Jika kamu berulang kali mendapatkan pasangan berkualitas rendah, mungkin kamu perlu mengakui psikismu sedang kelaparan?

(5). Jangan berpikir kamu bisa mengubah seseorang. Yang berubah saat seseorang pacaran itu status dia, bukan orangnya.

Terima dia apa adanya, atau jangan terima sama sekali.

Misalnya, kamu sebenarnya benci rokok. Tapi kamu berkompromi dengan laki-laki perokok karena kamu berharap dia berubah dengan nasihat, tuntutan, bahkan kemarahan-kemarahanmu.

Kenapa gak sekalian cari yang bukan perokok saja? Biarkan dia bersama dengan orang lain yang menerima kebiasaannya.

Hidup ini sudah sulit. Jangan bersama dengan orang yang bikin hidup tambah sulit.

(6). Kadang, dua orang baik pun bisa saja tidak cocok dengan satu sama lain. Dan itu tidak apa-apa.

(7). Hubungan pacaran/pernikahan itu menghadirkan emosi-emosi yang hanya muncul secara eksklusif saat dua orang menjalin hubungan romantik.

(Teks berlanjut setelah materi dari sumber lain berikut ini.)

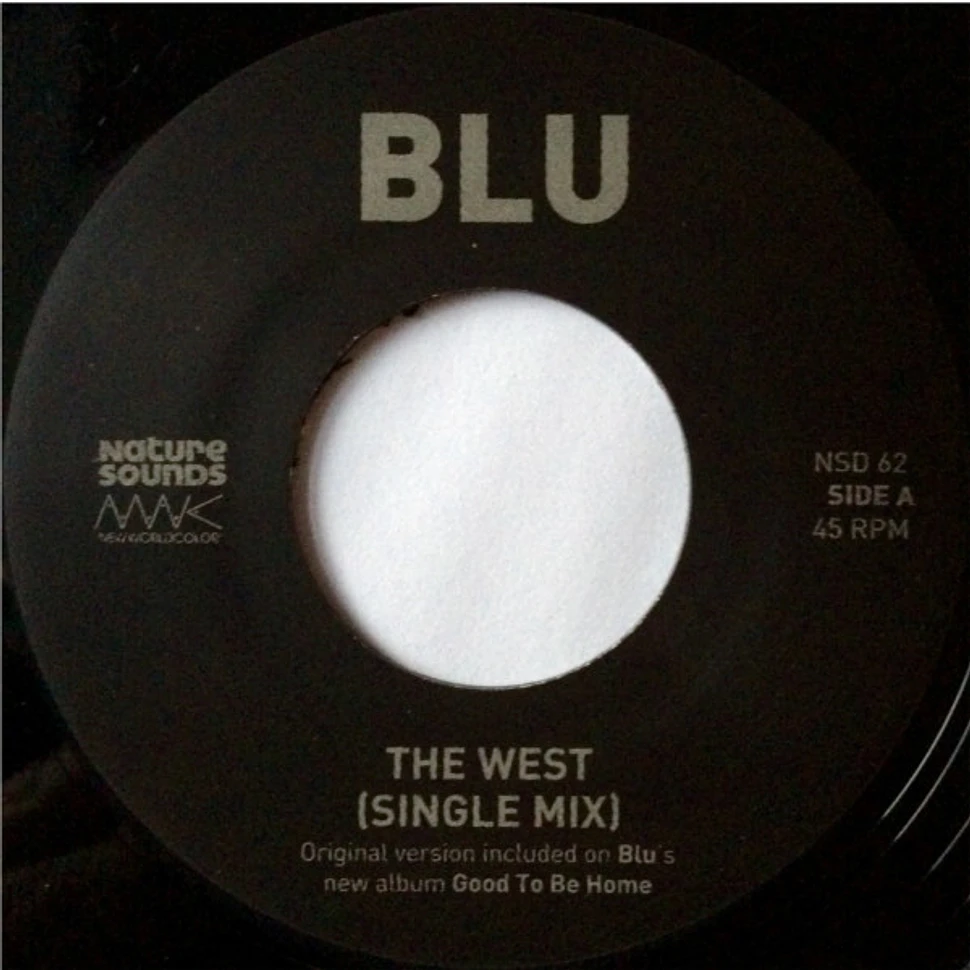 Blu - The West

Kita tidak merasakan emosi tersebut dengan sahabat, orangtua, atau saudara.

Karenanya, dua orang yang tadinya baik-baik saja saat masih berteman, justru bisa saling menyakiti saat relasinya berubah lebih dekat (menjadi pasangan). Misal: abusive, membentak, mengolok, saling mengkhianati.

Maka, ingatlah untuk selalu memperlakukan pasangan dengan baik, TERLEPAS dari mood/perasaan kita saat itu.
Jika kita bisa memperlakukan orang asing di jalan dengan lembut, sopan, bicara tanpa kata yang menyakiti hati...

Kenapa kita tidak bisa melakukan hal yang sama ke pasangan kita?

Hipokrit itu namanya.

Jangan hanya sibuk mencintai, tapi pastikan bahwa pasangan juga merasa dicintai.

Mencintai dengan membuat pasangan merasa dicintai adalah dua hal yang berbeda.

Pertimbangkan perspektif pihak lain dalam melihat sesuatu.

Perbaiki komunikasi.

Bagi kamu yang sama sepertiku... Merasa down, sedih, atau mungkin patah hati tahun ini...

Sabar ya.

Aku yakin, suka tidak suka, kamu sedang ditempa, dibentuk menjadi sesuatu yang indah. Kamu sedang dipersiapkan untuk menjadi sesuatu yang lebih besar, BUKAN HANYA SEKADAR MENDERITA.

Untuk kamu yang merasa telah memilih pasangan yang salah... Atau merasa telah membuat kesalahan... Tak apa-apa.

Orang yang tidak pernah membuat kesalahan adalah orang yang tidak pernah membuat keputusan.